One gruesome video that emerged appeared to show Taliban personnel killing captured commandos in northern Afghanistan.
Mr Shaheen said some Taliban commanders had ignored the leadership’s orders against repressive and drastic behaviour and that several have been put before a Taliban military tribunal and punished, though he did provide specifics.
He contended the video was fake, a splicing of separate footage.
Mr Shaheen said there are no plans to make a military push on Kabul and that the Taliban has so far “restrained” itself from taking provincial capitals.
But he warned it could, given the weapons and equipment its forces have acquired in newly captured districts. He contended that the majority of the Taliban’s battlefield successes came through negotiations, not fighting.
“Those districts which have fallen to us and the military forces who have joined us … were through mediation of the people, through talks,” he said. “They (did not fall) through fighting … it would have been very hard for us to take 194 districts in just eight weeks.”
The Taliban controls about half of Afghanistan’s 419 district centres, and while it has yet to capture any of the 34 provincial capitals, it is pressuring about half of them, Gen Milley said.
In recent days, the US has carried out air strikes in support of beleaguered Afghan government troops in the southern city of Kandahar, around which the Taliban has been amassing, Pentagon press secretary John Kirby said on Thursday.
The rapid fall of districts and the seemingly disheartened response by Afghan government forces have prompted US-allied warlords to resurrect militias with a violent history.
For many Afghans weary of more than four decades of war, that raises fears of a repeat of the brutal civil war in the early 1990s in which those same warlords battled for power.
“You know, no-one – no-one – wants a civil war, including me,” said Mr Shaheen.
He also repeated Taliban promises aimed at reassuring Afghans who fear the group.
Washington has promised to relocate thousands of US military interpreters.

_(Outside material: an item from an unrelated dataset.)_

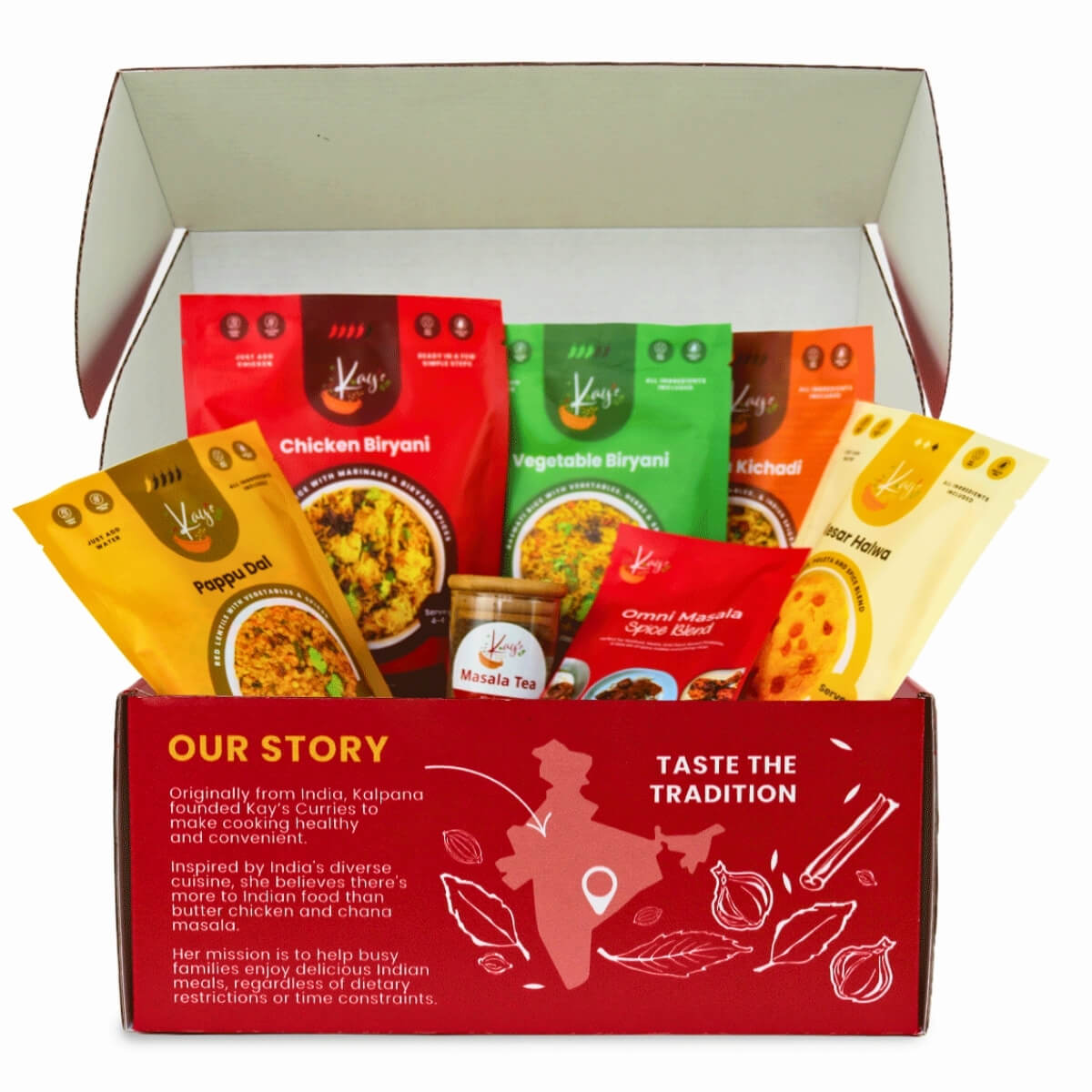 Kay's Curries Complete Collection in a red gift box with Chicken Biryani, Vegetable Biryani, Masala Kichadi, Pappu Dal, Kesar Halwa, Omni-Masala and Masala Tea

Mr Shaheen said they had nothing to fear from the Taliban and denied threatening them.
But, he added, if some want to take asylum in the West because Afghanistan’s economy is so poor, “that is up to them”.
He also denied that the Taliban has threatened journalists and Afghanistan’s nascent civil society, which has been targeted by dozens of killings over the past year.
The so-called Islamic State group has taken responsibility for some, but the Afghan government has blamed the Taliban for most of the killings while the Taliban in turn accuses the Afghan government of carrying out the killings in order to defame the group.
Mr Shaheen said journalists, including those working for western media outlets, have nothing to fear from a government that includes the Taliban.
“We have not issued letters to journalists (threatening them), especially to those who are working for foreign media outlets. They can continue their work even in the future,” he said.